The clock strikes four. No. It's a cheap clock. The big hand moves to the twelve, while the little hand stays on four. "Gosh! I need to get to bed. I have to get up in fifty minutes." The woman shuffles upstairs. As she rounds the newel post, objects crash on the children's end of the house. She slides her feet along the carpet, hair on the back of her neck on end. An unkind person might say her hackles are up. In the dim light of the 25-watt bulbs her husband insists on using, both boys lay sleeping. Nothing is out of place. The bathroom gives up no secrets.


The woman dresses for bed. Where she remains awake until 4:35, thoughts of tornadoes and night bumpings dancing in her head. At the alarm, she rises to begin her day. Unrested.


Objects slip through her fingers with ruthless abandon. If she was Rooster Cogburn's son, Horace, she might have broke forty cup. At work, a colleague asks if she's okay. "You really don't look good." She muddles on. 


A discussion ensues with the class that wishes for a society with no rules. "How come you say there is no smoking on school property, yet we see a million cigarette butts out back?"


"Well. It's probably from adults going outside to smoke during basketball games."

"Then you can't say there is no smoking on school grounds."

"I can say anything I want. The fact that people smoke when they shouldn't does not change the rule. What do you think will happen, the police will show up to arrest the smokers?"


"I don't know. But you can't say there's a law against smoking on school property."


"There's a law against driving without a driver's license. But you sit here and talk about driving. And you don't have your license. Does that mean the law does not exist? I think not."

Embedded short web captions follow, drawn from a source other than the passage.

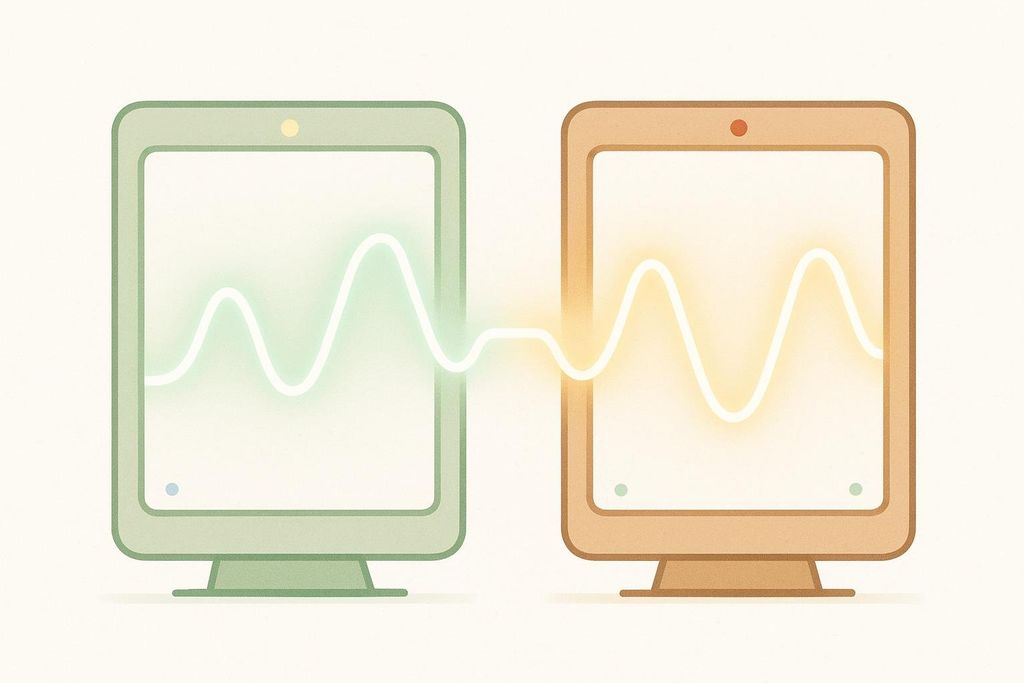 Two identically matched glowing graphs highlighting continuous data.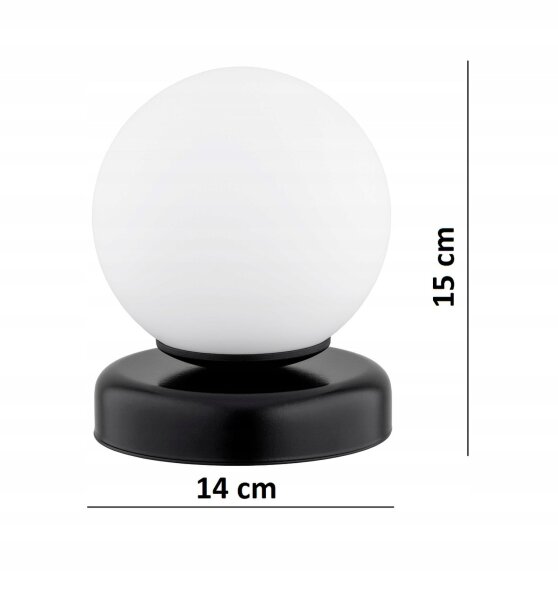 Tischleuchte Glas Schwarz Weiß E27 H:15 cm dekorativ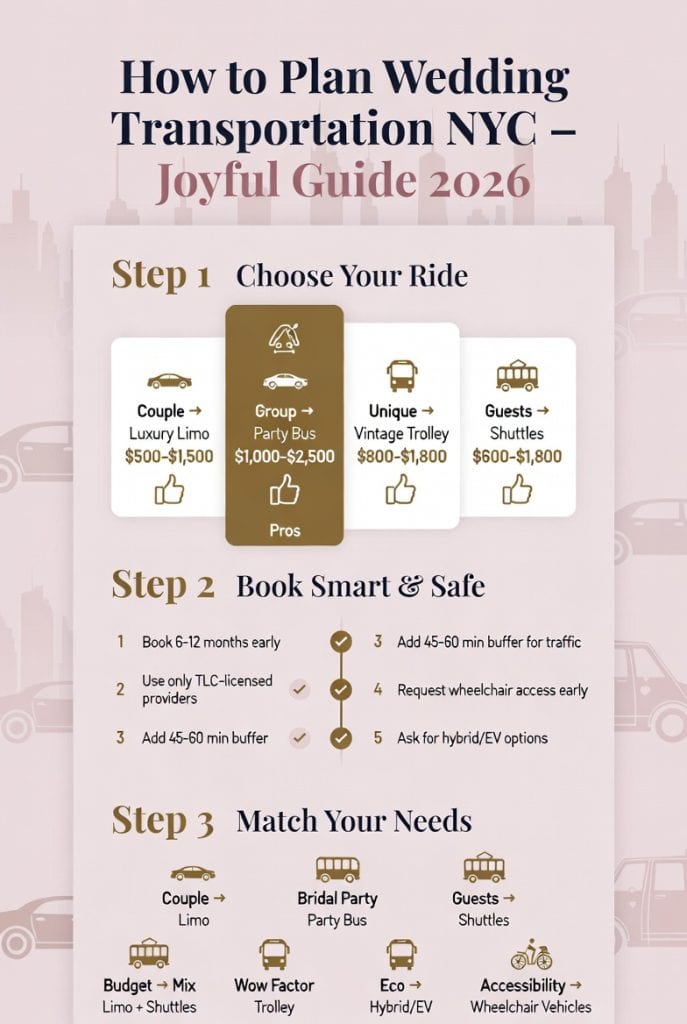 Infographic how to plan wedding transportation NYC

With order restored, the woman abandons the sandwich she brought for lunch, and repasts on hard-as-a-rock grilled cheese, and mini ravioli. The day goes downhill from there. She bandies words over the difference between a mouse in a Big Mac bun bag, as opposed to a rat. Which requires pictorial evidence of the Foot Locker rat in the Bronx, a capybara, and a nutria. In a totally unrelated incident in a later class, she is asked if she would like to see "my skink's tongue." Well of course. For the record, the skink's tongue is navy blue. In contrast to the orange babyfood it is lapping up. The woman's day is capped off with a horrendous cartwheeling near-face-plant after stubbing her toe on the leg of a wayward chair that a student insists on shoving into the main back-of-the-room thoroughfare.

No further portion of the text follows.